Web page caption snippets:

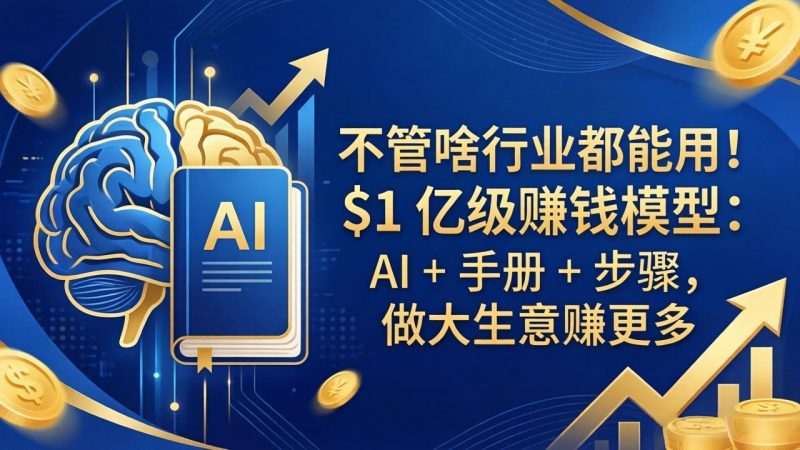 不管啥行业都能用！$1 亿级赚钱模型：AI + 手册 + 步骤，做大生意赚更多-玻哥网络技术工作室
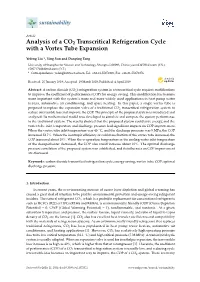 Analysis of a CO2 Transcritical Refrigeration Cycle with a Vortex Tube Expansion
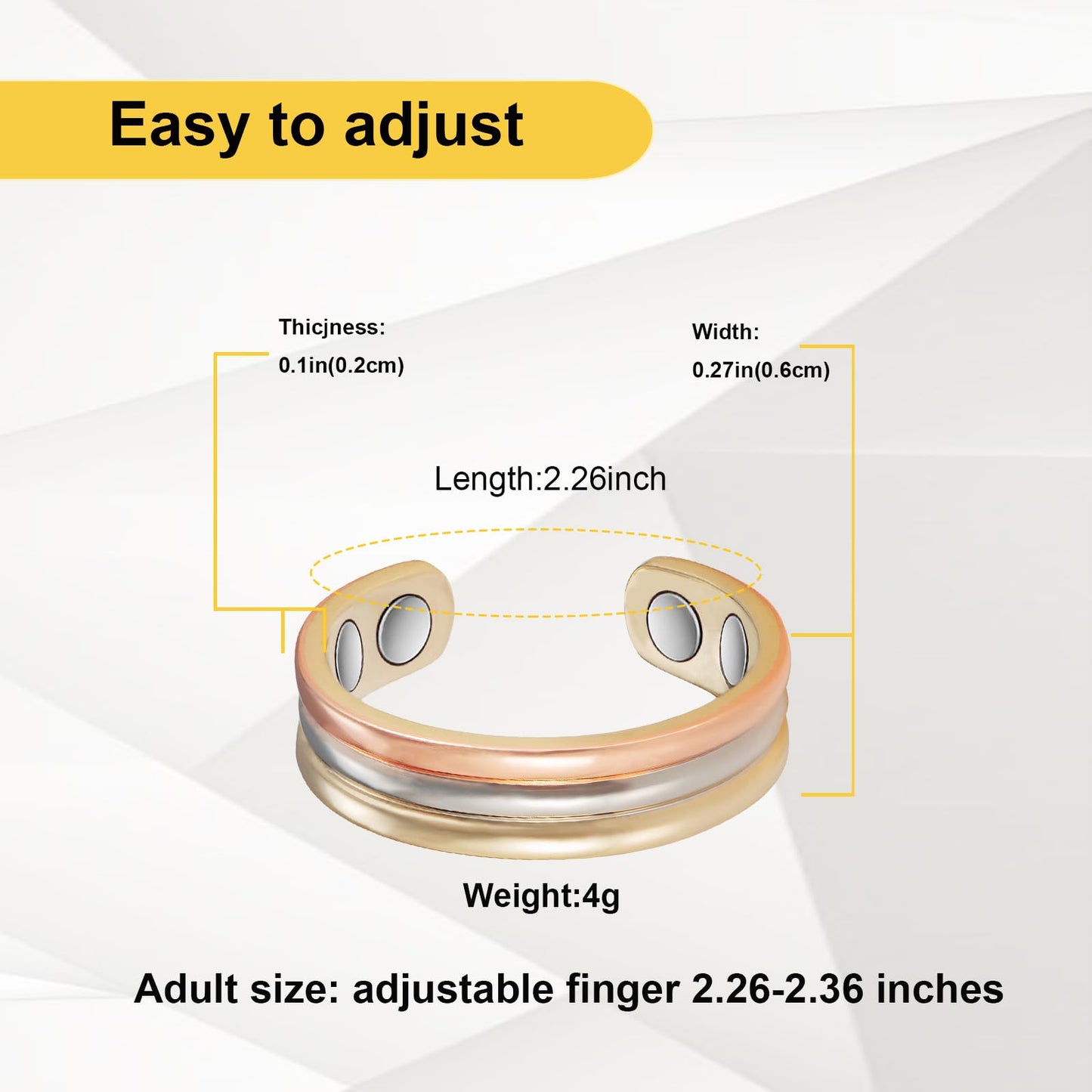EnerMagiX Copper Rings for Women, Pure Copper Tricolor Gold Adjustable Magnetic Ring Jewelry (0013)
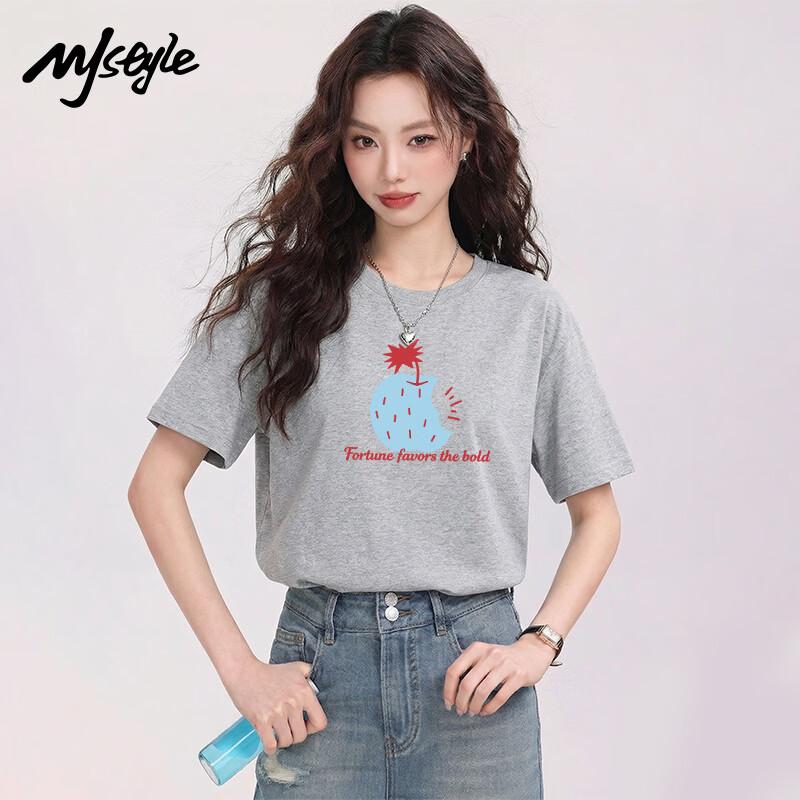 MJ STYLE Women's Pure Cotton Round Neck Short Sleeve T-shirt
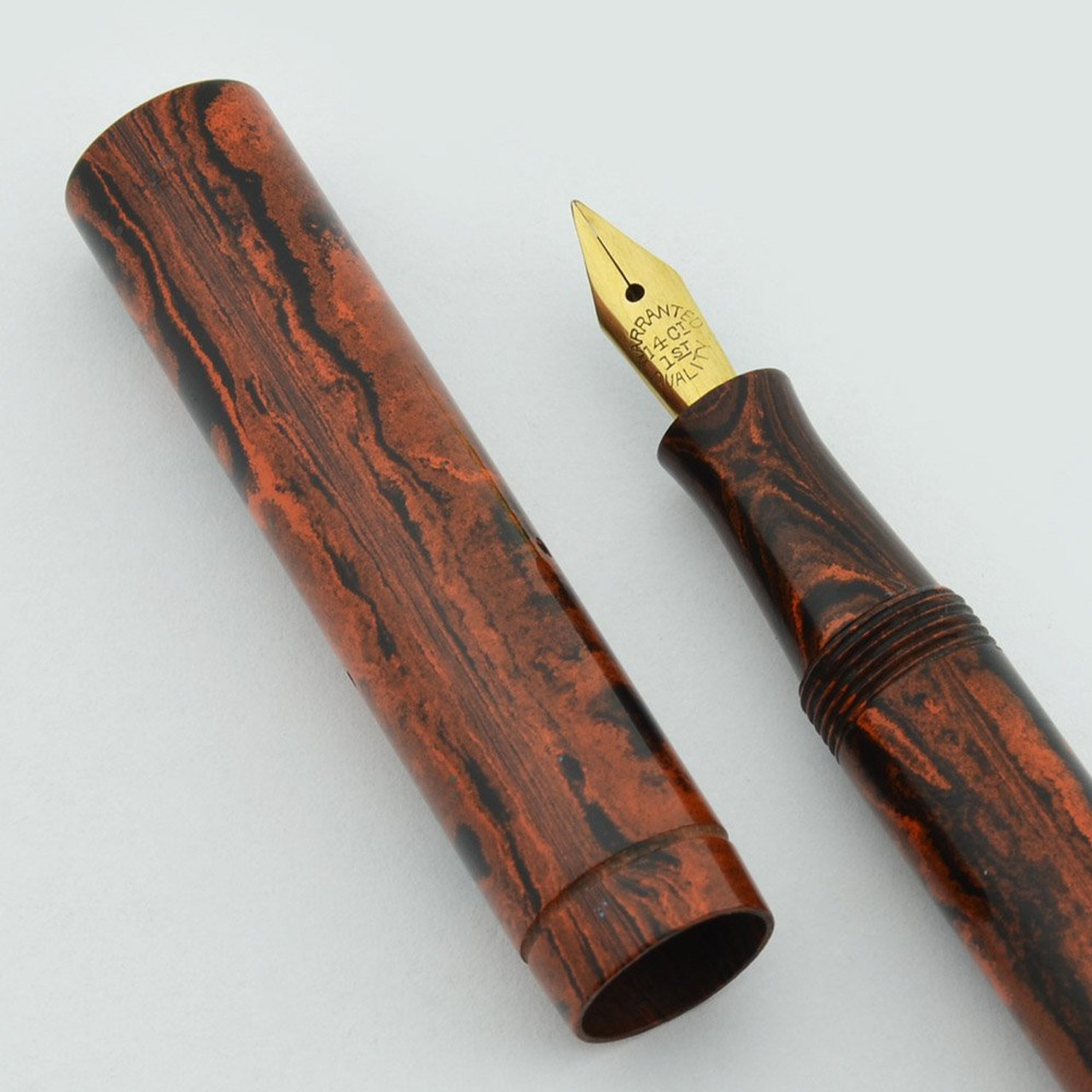 Rodor Fountain Pen (England) - Mottled Red Hard Rubber, Flexible Medium, Lever Filler (Excellent, Restored)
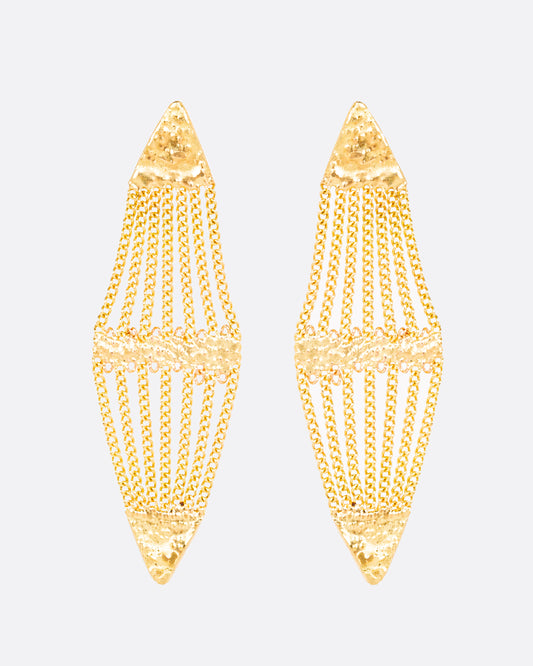 A pair of yellow gold canoe shaped earrings with soldered triangular tops and bottoms and cable chain in the center. Shown from the front.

#### [About this task]
Pictures should not appear in the copy. Write out exactly the lines above from the first one through the line that contains "Rodor Fountain Pen".

#### [Problem solution]
 不管啥行业都能用！$1 亿级赚钱模型：AI + 手册 + 步骤，做大生意赚更多-玻哥网络技术工作室
 Analysis of a CO2 Transcritical Refrigeration Cycle with a Vortex Tube Expansion
EnerMagiX Copper Rings for Women, Pure Copper Tricolor Gold Adjustable Magnetic Ring Jewelry (0013)
 MJ STYLE Women's Pure Cotton Round Neck Short Sleeve T-shirt
 Rodor Fountain Pen (England) - Mottled Red Hard Rubber, Flexible Medium, Lever Filler (Excellent, Restored)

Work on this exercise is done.